• RECORD SET:
══════

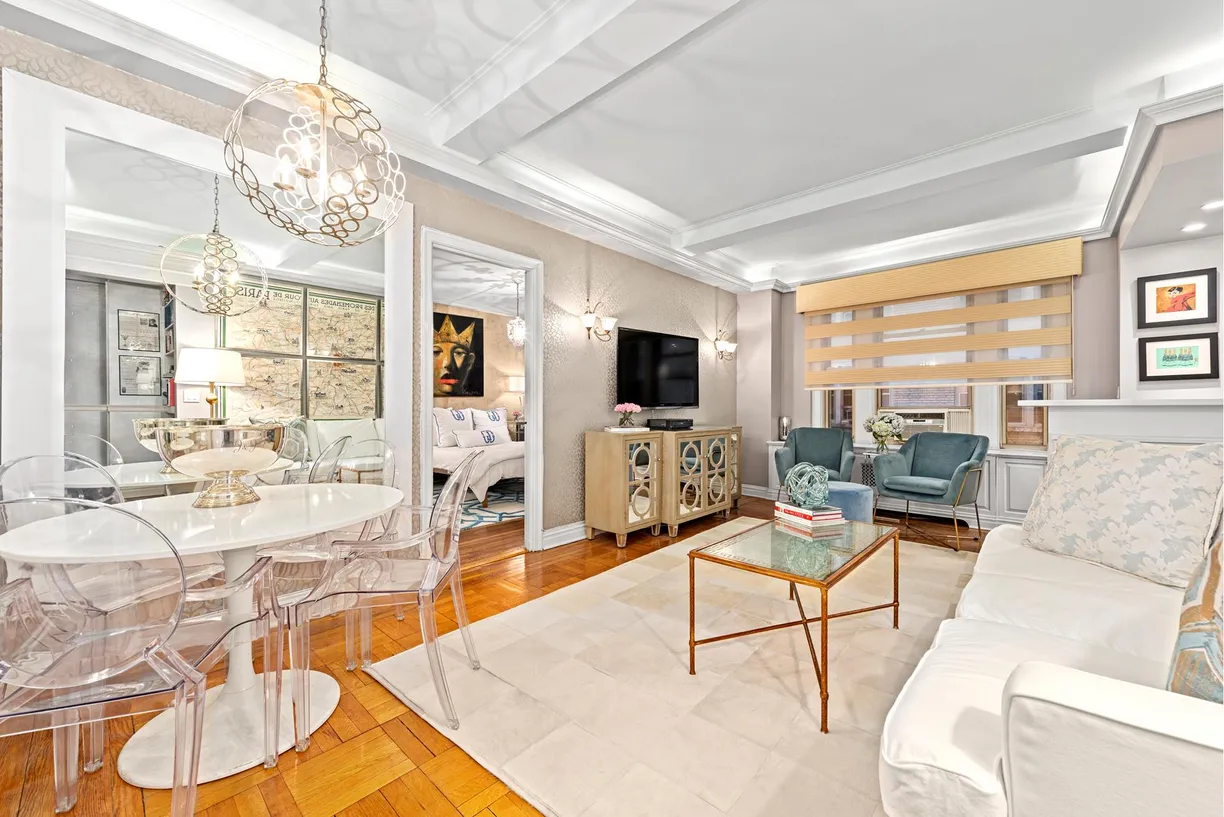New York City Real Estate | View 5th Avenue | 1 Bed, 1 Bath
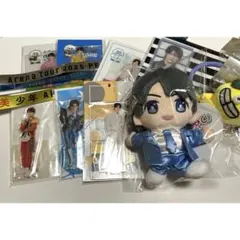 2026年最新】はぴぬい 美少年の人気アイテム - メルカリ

══════

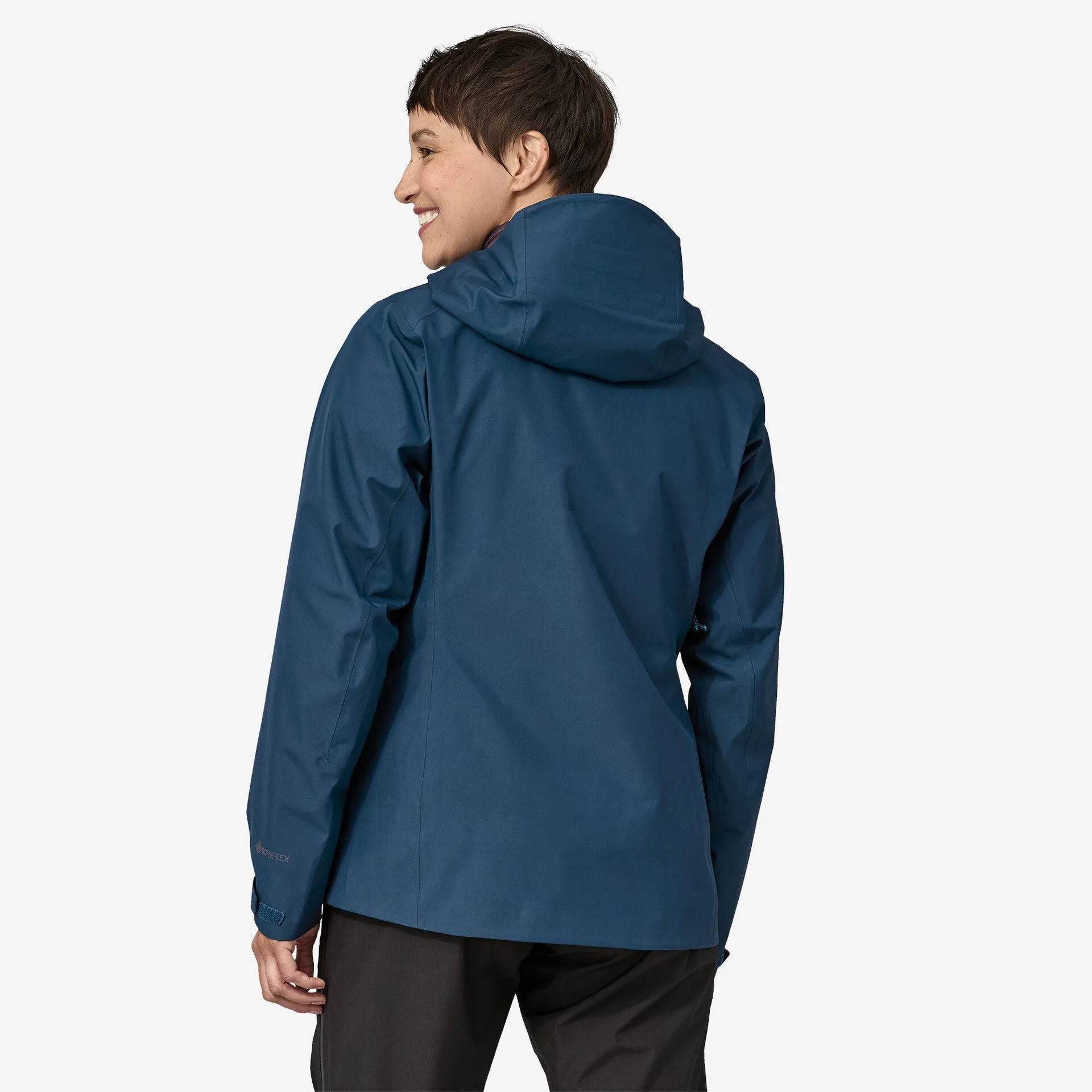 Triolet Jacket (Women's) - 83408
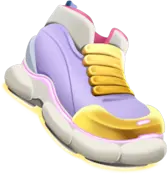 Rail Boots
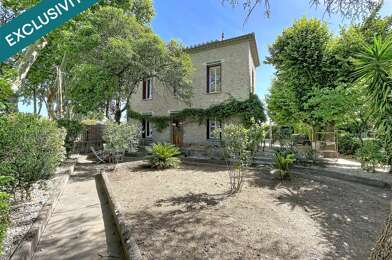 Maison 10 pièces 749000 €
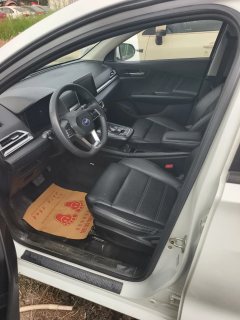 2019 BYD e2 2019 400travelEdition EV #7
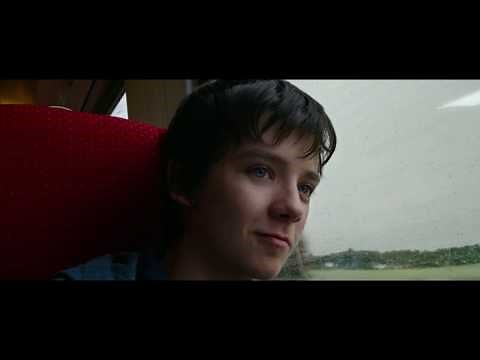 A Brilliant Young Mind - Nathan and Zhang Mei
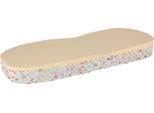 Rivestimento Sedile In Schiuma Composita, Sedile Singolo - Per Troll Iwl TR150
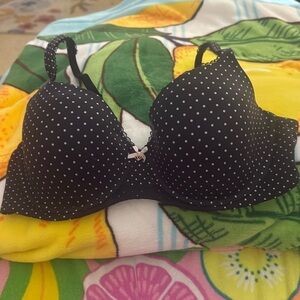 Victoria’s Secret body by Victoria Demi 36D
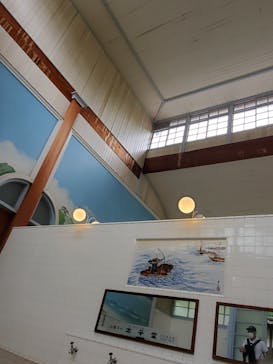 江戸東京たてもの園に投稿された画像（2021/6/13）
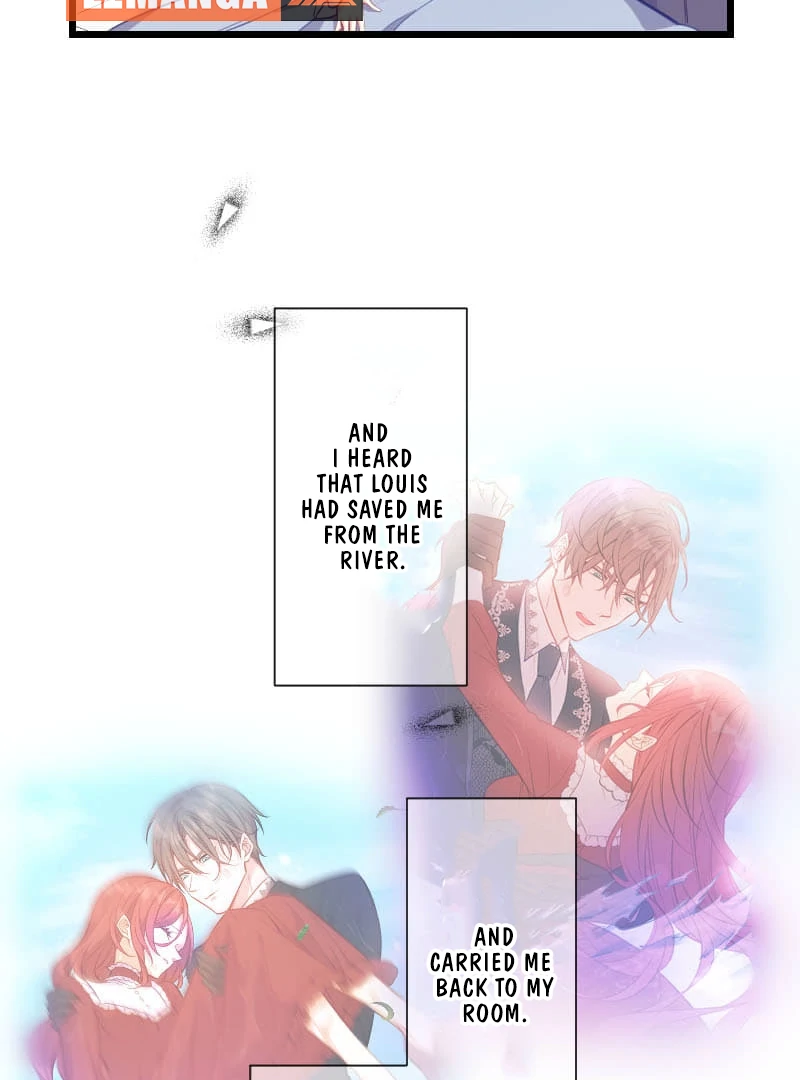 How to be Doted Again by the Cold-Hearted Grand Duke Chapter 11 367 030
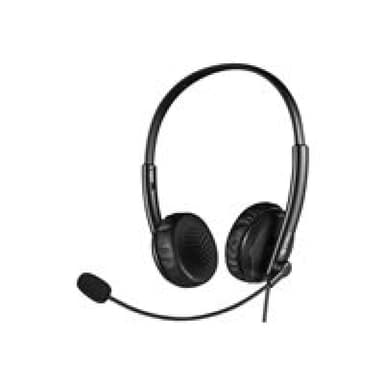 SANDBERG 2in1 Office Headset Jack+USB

══════

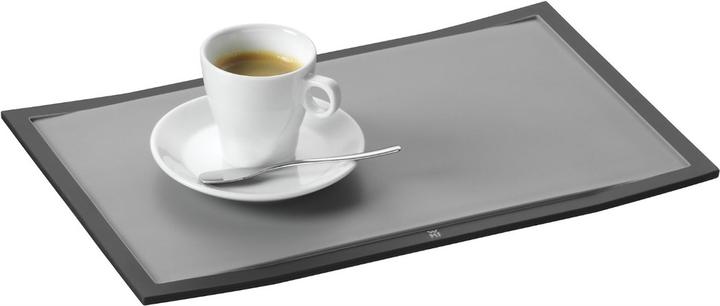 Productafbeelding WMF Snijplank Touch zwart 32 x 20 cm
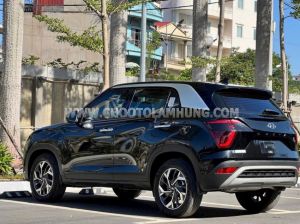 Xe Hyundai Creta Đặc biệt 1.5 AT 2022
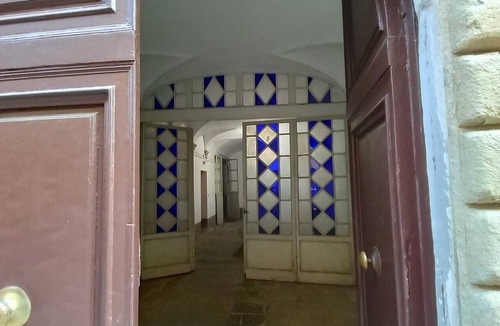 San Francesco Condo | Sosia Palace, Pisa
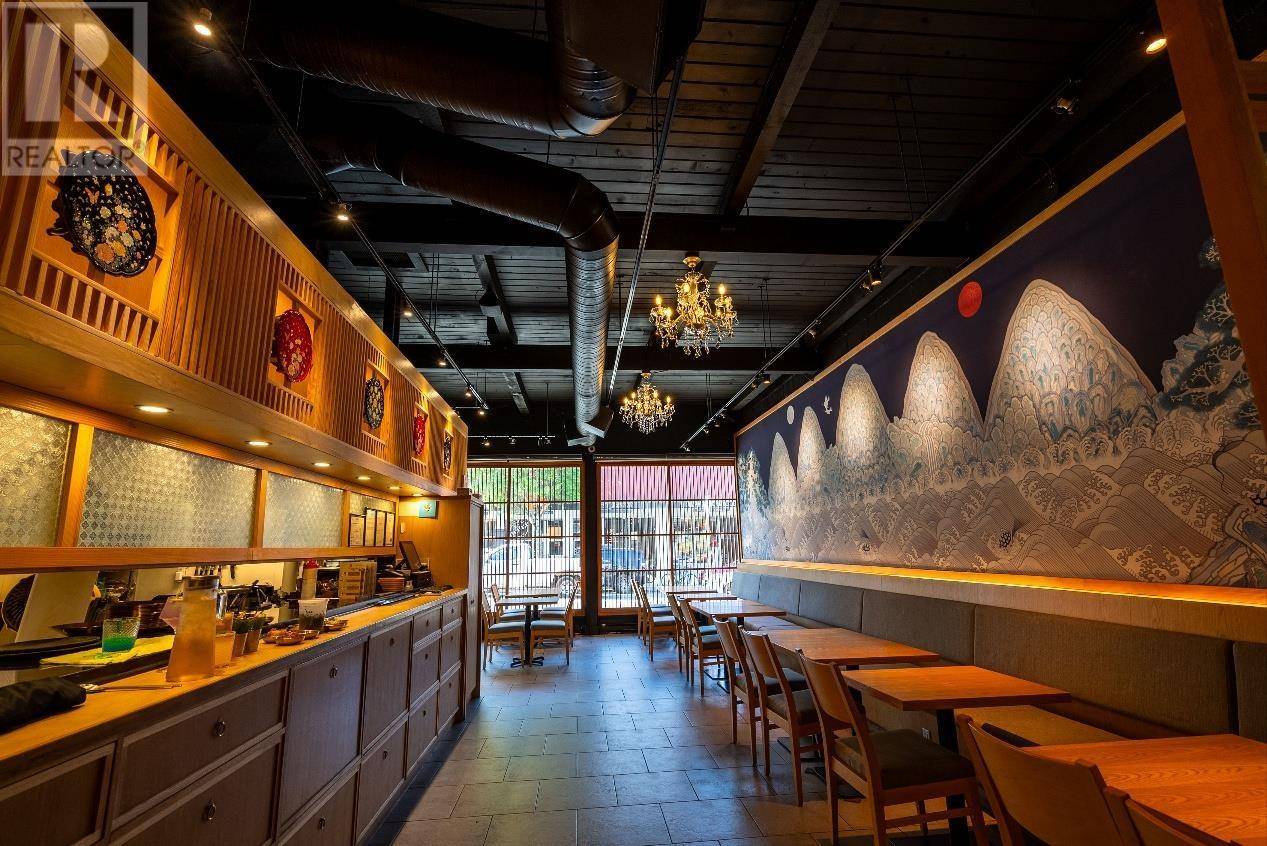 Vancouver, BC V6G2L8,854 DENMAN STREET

══════

Nothing but the lines from the one with "Xe Hyundai Creta Đặc biệt 1.5 AT 2022" to the one with "Vancouver, BC V6G2L8,854 DENMAN STREET" above, both included, should be transcribed, exactly and without pictures.

 Xe Hyundai Creta Đặc biệt 1.5 AT 2022
 San Francesco Condo | Sosia Palace, Pisa
 Vancouver, BC V6G2L8,854 DENMAN STREET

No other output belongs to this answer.